• Your assignment: Output only the lines that run from the line holding "Close-up of a" to the end of the entries, both ends included, and skip the pictures.
*** Records for this task ***
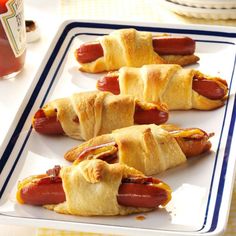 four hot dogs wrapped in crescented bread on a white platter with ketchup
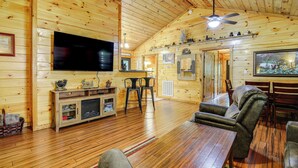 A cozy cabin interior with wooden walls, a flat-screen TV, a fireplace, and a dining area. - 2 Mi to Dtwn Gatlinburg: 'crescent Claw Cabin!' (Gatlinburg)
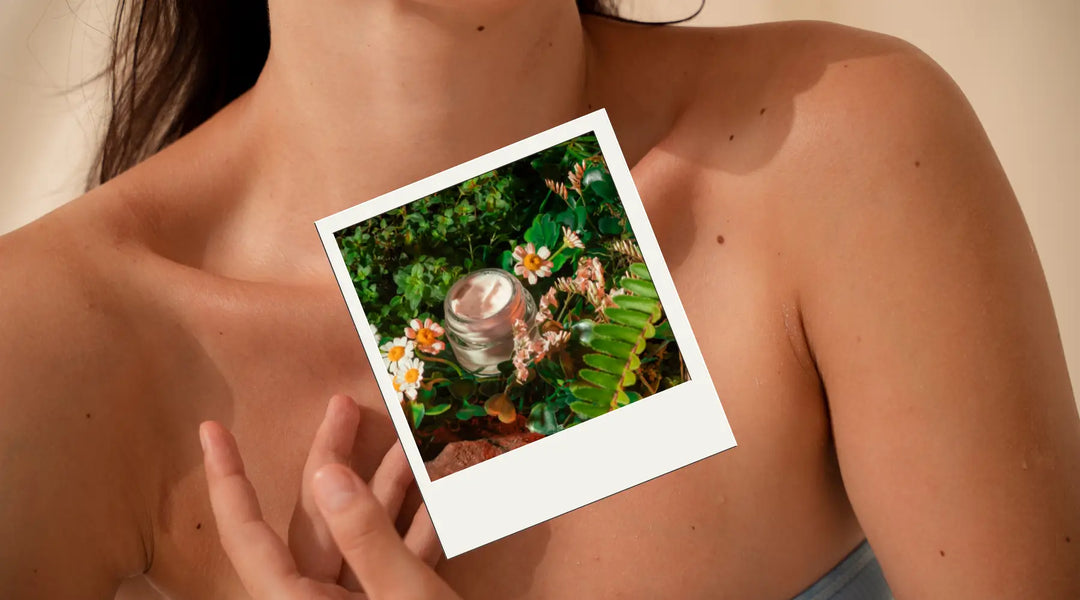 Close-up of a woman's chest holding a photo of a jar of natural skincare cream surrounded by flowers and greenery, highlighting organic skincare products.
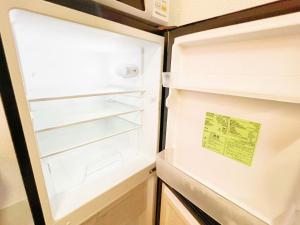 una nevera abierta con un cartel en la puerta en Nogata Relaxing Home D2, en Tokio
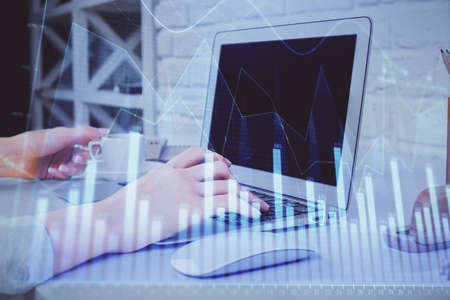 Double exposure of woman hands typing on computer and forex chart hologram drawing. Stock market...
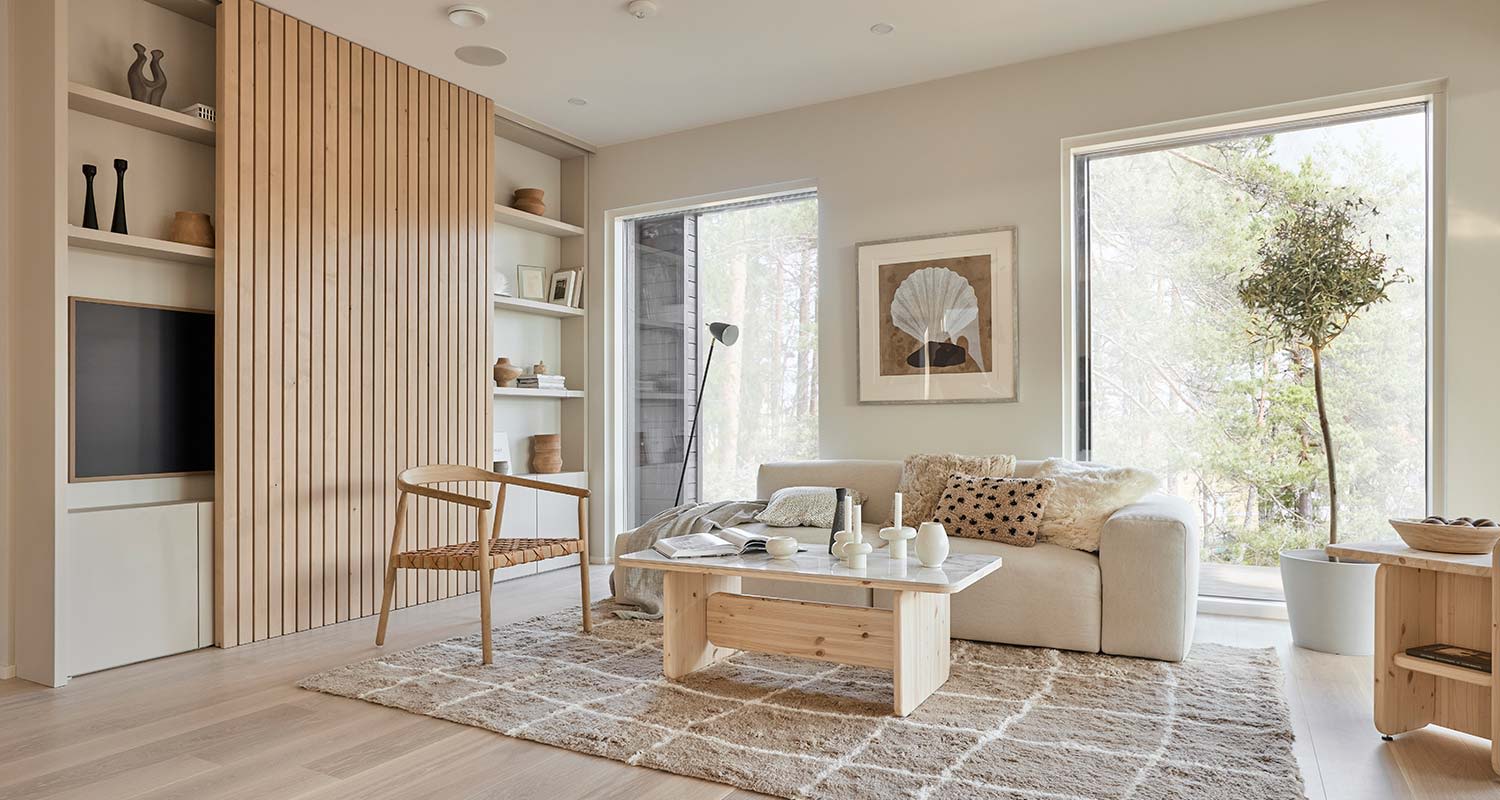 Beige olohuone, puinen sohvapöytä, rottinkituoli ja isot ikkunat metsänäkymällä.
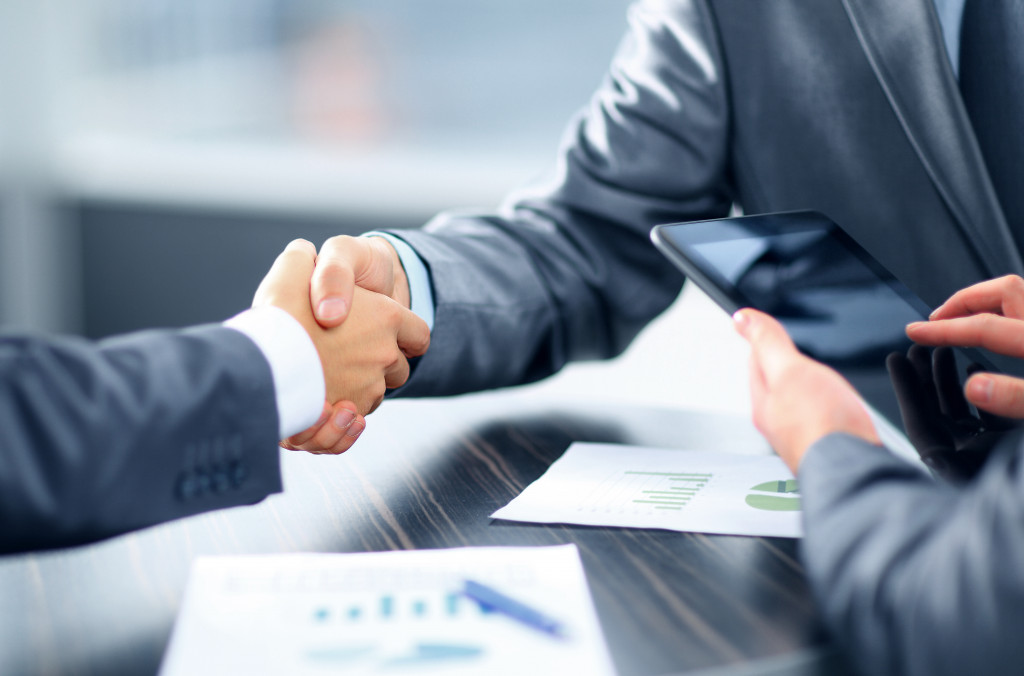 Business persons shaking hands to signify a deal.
***
• Task output:
 Close-up of a woman's chest holding a photo of a jar of natural skincare cream surrounded by flowers and greenery, highlighting organic skincare products.
 una nevera abierta con un cartel en la puerta en Nogata Relaxing Home D2, en Tokio
 Double exposure of woman hands typing on computer and forex chart hologram drawing. Stock market...
 Beige olohuone, puinen sohvapöytä, rottinkituoli ja isot ikkunat metsänäkymällä.
 Business persons shaking hands to signify a deal.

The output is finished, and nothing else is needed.